Now the Iranians are saying the British sailors might be tried:
If Britain continued its current approach to the standoff, Larijani told Iranian state radio, “this case may face a legal path. British leaders have miscalculated this issue.”
I think there’s no question the Brits have made some miscalculations, beginning with the lack of firepower at the start of it. The actual details of the situation involved in the sailors’ abduction is unclear, though; I’ve read many conflicting reports.
I hope Iran has miscalculated as well, in its opinion that it has nothing to fear by actions of this sort. They seem to believe the West is, in the old phrase, a “paper tiger— a gargantuan Gulliver bound, tied, and rendered helpless by its own busy internal Lilliputians.
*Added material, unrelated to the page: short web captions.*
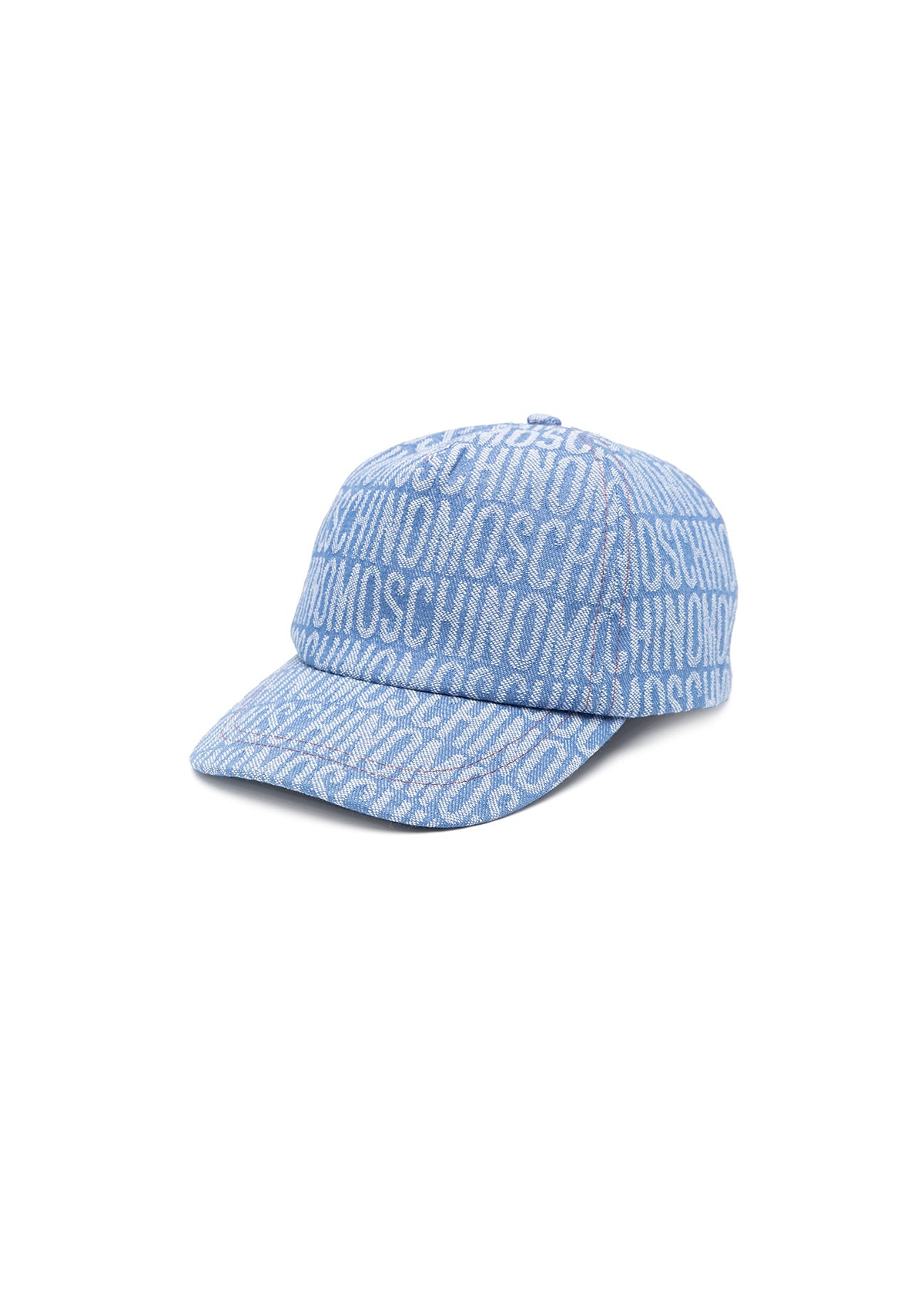 Moschino Kids Cappello con visiera in Jeans Log All-over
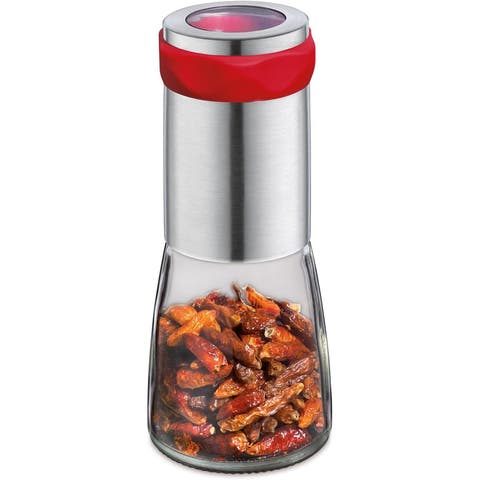 Premium Piccante Chili Mill Grinder, Red, Glass and Stainless Steel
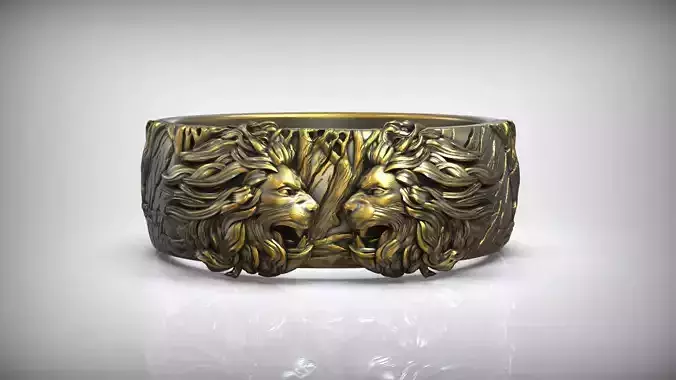 Lion Head Ring Roaring Silver Wedding Band 3D print model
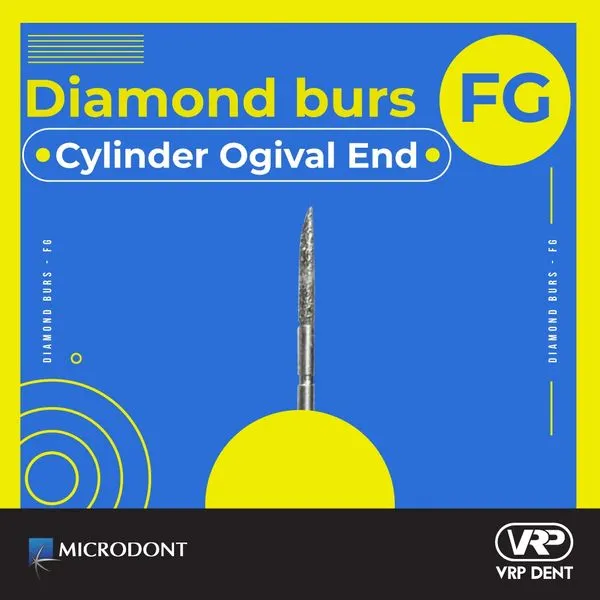 Microdont Diamond burs - FG Cylinder Ogival End 1 pc. 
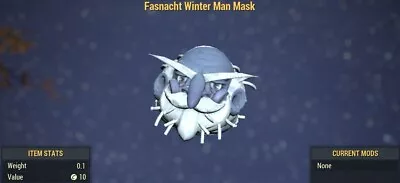 Buy Fallout 76 Ps5 Ps4 Apparel Fasnacht Winter Man Mask • 8£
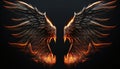 a pair of fiery wings. Generative AI Royalty Free Stock Photo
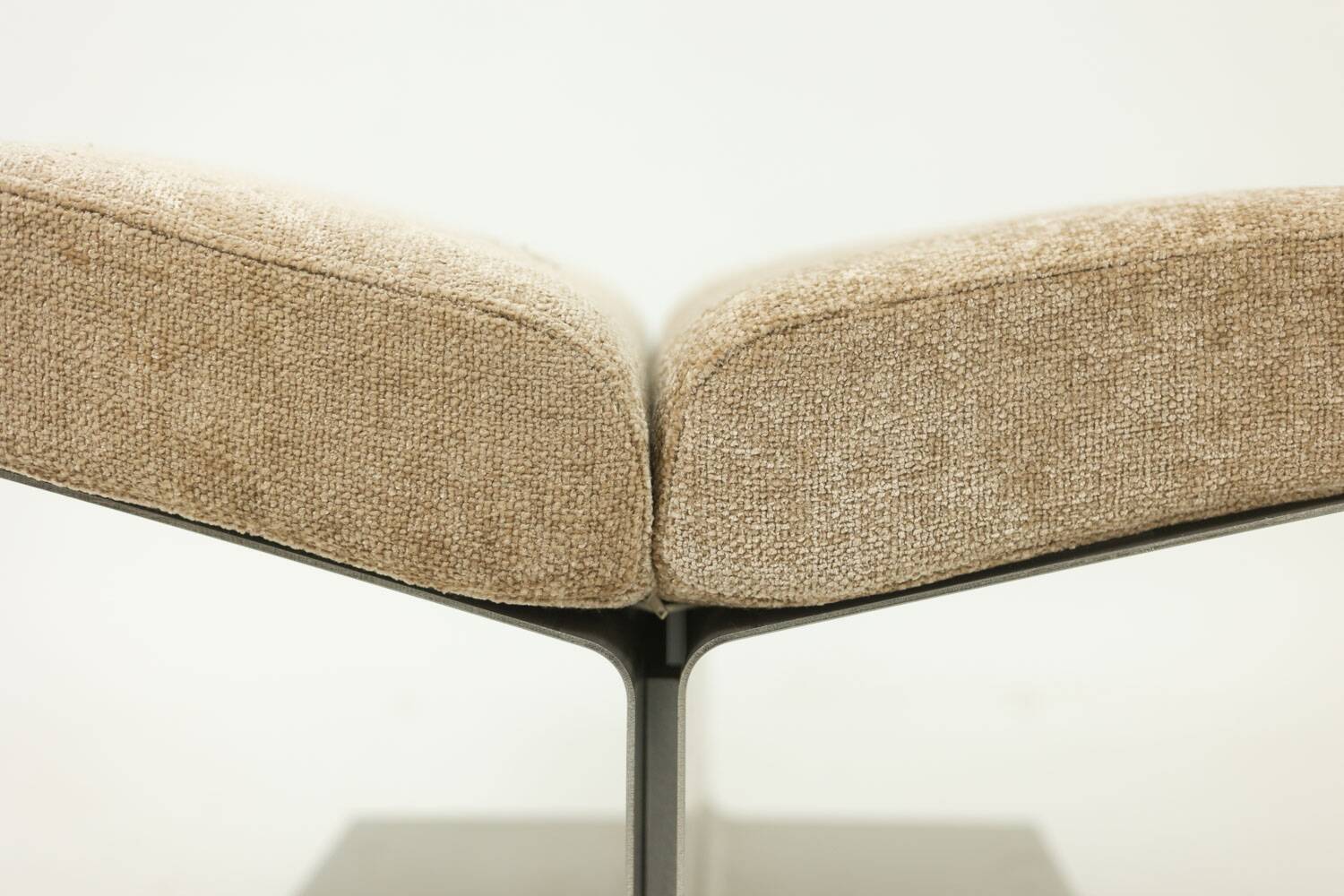 Paul Geoffroy for Uginox. Pair of brushed steel stools. Circa 1970.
Who’s the audience for the latest show trial? Certainly not the West; all but the fringiest of the fringe is aware of the bogus nature of such a trial. My guess is that they are playing to their own masses, who may or may not be buying what they’re selling.
It used to be that propaganda of this sort had more effect back in the days when it was easier to regulate the dissemination of information to a population. A country such as North Korea still does this quite effectively, but the price North Korea pays is isolation from the rest of the world and economic stagnation. Iran ‘s people have more conduits of competing information through which to judge the truth or falsehood of the antics of their own government.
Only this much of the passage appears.